Provided entries ▸
*** Begin section ***

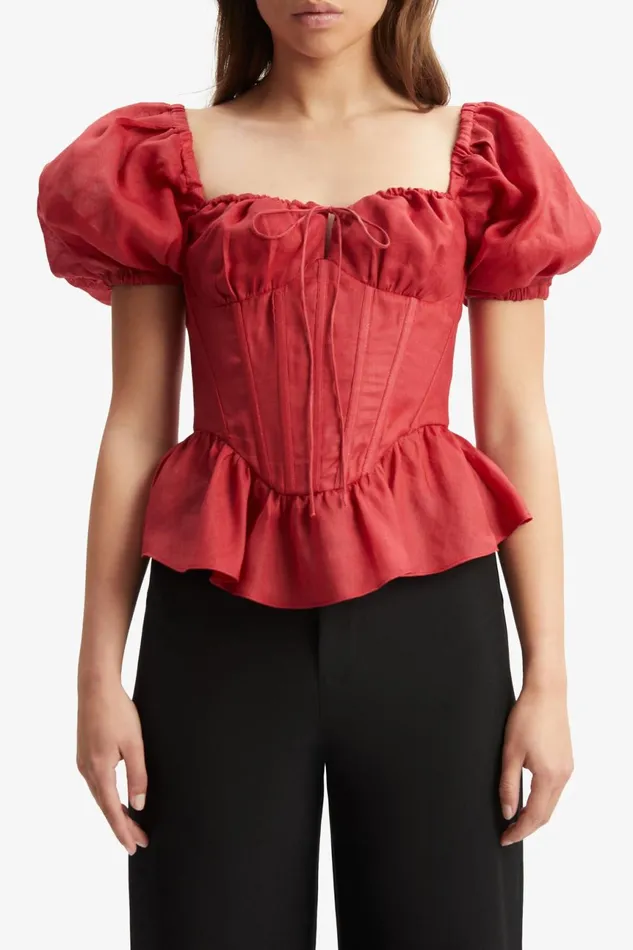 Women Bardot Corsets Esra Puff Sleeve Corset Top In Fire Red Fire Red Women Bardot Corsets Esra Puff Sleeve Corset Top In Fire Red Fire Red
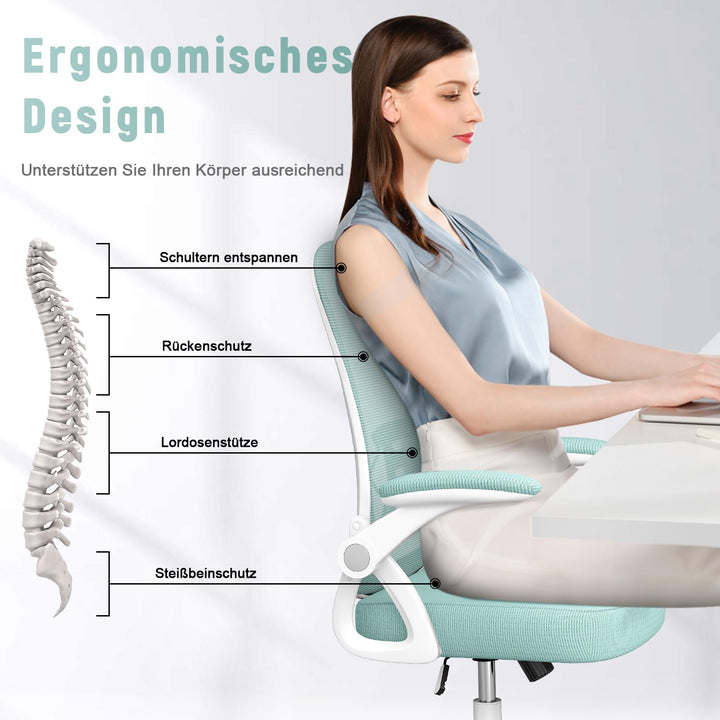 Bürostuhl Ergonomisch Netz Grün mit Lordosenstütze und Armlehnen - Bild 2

*** End section ***
*** Begin section ***

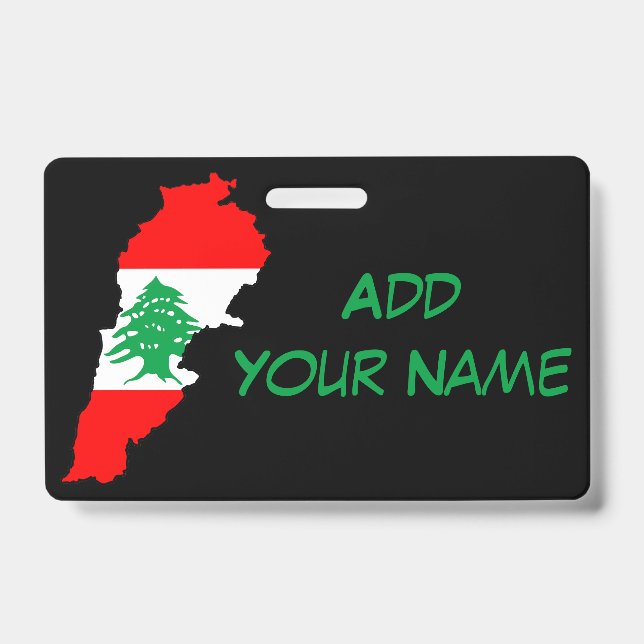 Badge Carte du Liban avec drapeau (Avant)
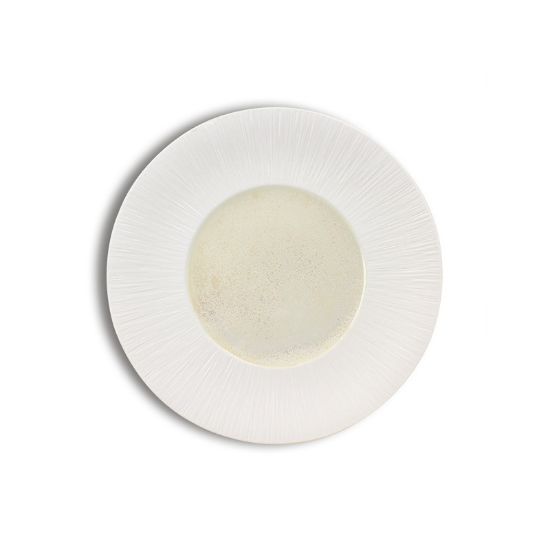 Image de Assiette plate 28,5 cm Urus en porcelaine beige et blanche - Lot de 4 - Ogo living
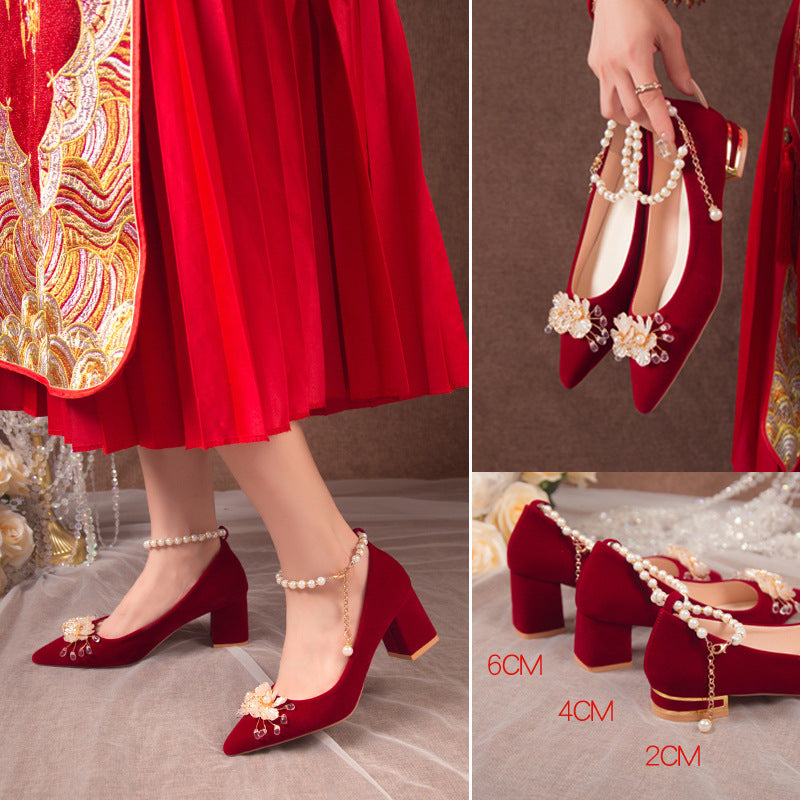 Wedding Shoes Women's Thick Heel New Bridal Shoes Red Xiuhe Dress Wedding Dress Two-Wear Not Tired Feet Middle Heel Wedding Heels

*** End section ***

Your task ▸
In the entries above, find the line with "Badge Carte du Liban avec drapeau (Avant)" and the line with "Wedding Shoes Women's". Return exactly those lines and all the ones between them, pictures excluded.

Written answer ▸
 Badge Carte du Liban avec drapeau (Avant)
 Image de Assiette plate 28,5 cm Urus en porcelaine beige et blanche - Lot de 4 - Ogo living
 Wedding Shoes Women's Thick Heel New Bridal Shoes Red Xiuhe Dress Wedding Dress Two-Wear Not Tired Feet Middle Heel Wedding Heels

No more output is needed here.